Work to be completed
Each line in the listing below that contains "Shirt" should be returned.
---+---
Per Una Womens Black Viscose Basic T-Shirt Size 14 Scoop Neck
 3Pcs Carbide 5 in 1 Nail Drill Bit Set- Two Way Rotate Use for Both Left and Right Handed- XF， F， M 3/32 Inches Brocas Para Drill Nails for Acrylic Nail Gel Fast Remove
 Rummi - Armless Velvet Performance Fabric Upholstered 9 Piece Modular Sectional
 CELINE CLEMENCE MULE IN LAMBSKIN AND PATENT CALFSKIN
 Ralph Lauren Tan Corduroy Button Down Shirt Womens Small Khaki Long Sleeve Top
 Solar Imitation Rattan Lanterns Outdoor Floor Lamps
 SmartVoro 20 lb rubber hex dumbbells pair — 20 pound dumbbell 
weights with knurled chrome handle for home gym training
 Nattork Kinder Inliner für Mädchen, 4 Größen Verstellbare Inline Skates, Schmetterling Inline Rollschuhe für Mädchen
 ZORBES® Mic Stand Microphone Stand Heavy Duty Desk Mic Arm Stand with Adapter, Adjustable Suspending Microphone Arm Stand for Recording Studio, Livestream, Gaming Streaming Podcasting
---+---
Answer below
Per Una Womens Black Viscose Basic T-Shirt Size 14 Scoop Neck
 Ralph Lauren Tan Corduroy Button Down Shirt Womens Small Khaki Long Sleeve Top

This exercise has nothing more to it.